No ‘Seaman’s Manslaughter’ in BP Spill

     NEW ORLEANS (CN) – The 5th Circuit on Wednesday upheld the dismissal of “seaman’s manslaughter” charges against two BP well leaders for their role in the 2010 Deepwater Horizon oil well blowout that killed 11 workers and dumped millions of barrels of crude oil into the Gulf of Mexico.
     A three-judge panel of the 5th Circuit ruled that the federal law does not support the 11 counts of seaman’s manslaughter charges filed against Robert Kaluza and Donald Vidrine in a 2012 23-count felony indictment.
     Wednesday’s decision affirmed a federal judge’s 2013 ruling to drop the 11 charges against the top BP employees at the helm of the rig the day of the deadly explosion.

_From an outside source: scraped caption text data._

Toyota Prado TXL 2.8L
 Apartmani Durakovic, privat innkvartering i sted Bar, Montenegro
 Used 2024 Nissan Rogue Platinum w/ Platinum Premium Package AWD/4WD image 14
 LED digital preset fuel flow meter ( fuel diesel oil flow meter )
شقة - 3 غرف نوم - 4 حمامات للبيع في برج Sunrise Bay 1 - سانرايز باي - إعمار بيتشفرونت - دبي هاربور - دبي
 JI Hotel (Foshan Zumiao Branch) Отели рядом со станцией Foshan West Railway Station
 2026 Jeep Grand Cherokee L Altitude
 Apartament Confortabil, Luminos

     “The statue was enacted to address the dangers of travel by steamboat, and it is persons responsible for that travel that should be held liable under the statue,” Judge Patrick Higginbotham wrote for the 3-judge panel. “Defendants were not responsible for the travel of the Deepwater Horizon.”
     The decision from the New Orleans-based appellate court does not close the door for Kaluza and Vidrine to face trial on 11 counts of involuntary manslaughter and one count of violating the Clean Water Act, which have not been dismissed.
     The indictment alleged the veteran employees, who each have at least 30 years experience in the oil and gas industry, of “negligently or grossly negligently” failing to alert engineers that the well was not secure after they botched tests at the site just before it blew.
     The April 20, 2010 disaster resulted in the deaths and injuries of workers and capsized the rig, severing the riser, and causing oil to spill from the pipe for three months until it was capped in what is considered the worst offshore oil spill in U.S. history.